Funnily enough, I bought the only non-sucrose, non-edible item of the lot: a small tube of bond-glue with an even tinier plastic straw. The point of this item is not what you're thinking. Really, it isn't. Let me set it out for you. Step 1: squeeze out glue into tiny, tiny ball. Step 2: fasten tiny, tiny ball onto tip of tiny, tiny straw. Step 3: blow ever so delicately. Step 4: admire (do not sniff) small bond glue bubble, balloon, whatever. Step 5: do not sniff bond-glue, do not!

A Korean woman also picked up the glue, and smiling, she said: "Ha, it's bul-ryang-sik-poom -- sub-quality food." (This pejorative, but accurate stamp was part of the Korean government's campaign against such products.) So cool! How did you get this? Do you have a license?"

Mr. Kim smiled and replied: "It's only been three days so far. I figure I can get the licence when I get picked up by the police. It's been good so far."

Generational taste

Despite its sub-quality food-status, this type of candy has a certain retro-kitsch and sentimental value. Some years back during the IMF crisis (the late-90s Asian economic crisis period), some food companies re-released old ramen (noodle soup) brands and other packaged foods in their old 60s or 70s packaging. Their strategy was to link these products with the "tightening waistbelt" sentiment that was popular during those economically troubled times, and increase their appeal.

So this sub-quality candy appeals to the nostalgia of certain generations of Koreans. Ones who know and sentimentalise "sub-quality" MSG-full ramen and sub-quality candy, because simpler tastes and flavours recall a simpler time, before the hectic pace of globalization and westernization that have engulfed Korean society. Subquality candy doesn't quite have the sophisticated ring of Proust's "madeleine" (involuntary memory) effect, but often I hear and share this wistfulness in the childhood memories of Koreans my age and older.

They describe these simple, plain candies and snacks bought from the pushcart vendors and the simple games they played until at last the playgrounds would grow dim and ring with the voices of their mothers calling them home.

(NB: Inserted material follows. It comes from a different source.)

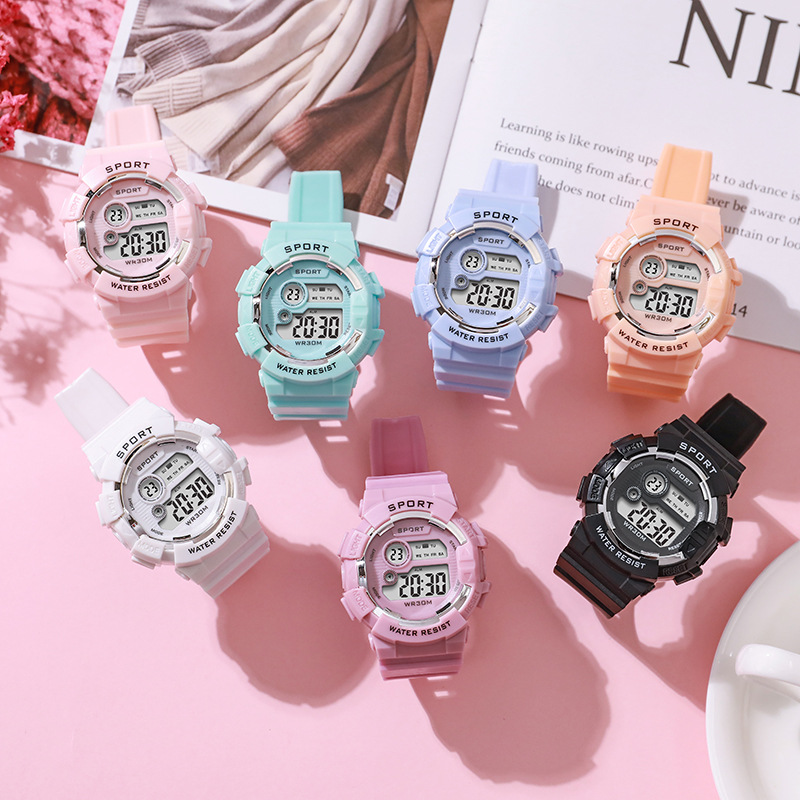 Fashion Kids Watches Luminous  - Smartwatch Watches Kids ulasan dan harga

They tsk-tsk at Korean kids today subsisting on burgers and online games, with their days spent being shuttled from one organized after-school activity to another.

Lotus land, reimagined

Observing Mr. Kim and his wares makes me realize that there is a critical mass of Koreans here in lotus land, enough to support a nostalgia-based trade with cultural markers unfamiliar to Canadians.

A similar realization hit me when I saw the first izakayas (Japanese-western fusion bars/restaurants) muscle into the Vancouver Asian eatery scene, then populated by teriyaki and sushi joints. It means that there is enough cultural traffic between both sides of the Pacific to trade new products and experiences that may not fit the older expressions of North American Asian cultural production and consumption. Simply put, it shows that karaoke, all-you-can-eat-sushi and Mongolian grills no longer represent all the possibilities of this cultural trade.

Hanging around Mr. Kim's open suitcase that evening was a young Taiwanese family, partaking, I suppose, in a larger, evolving pan-Asian experience. Mr. Kim's candy offers a small example of how cultural products migrate among different societies, some to meet a need for cultural preservation, and others to undergo a certain reinterpretation, reinvigoration -- something that academics call transnational fertilization.

But as always, I'm getting ahead of myself. Let's see if Mr. Kim gets his license. And please, don't sniff the glue.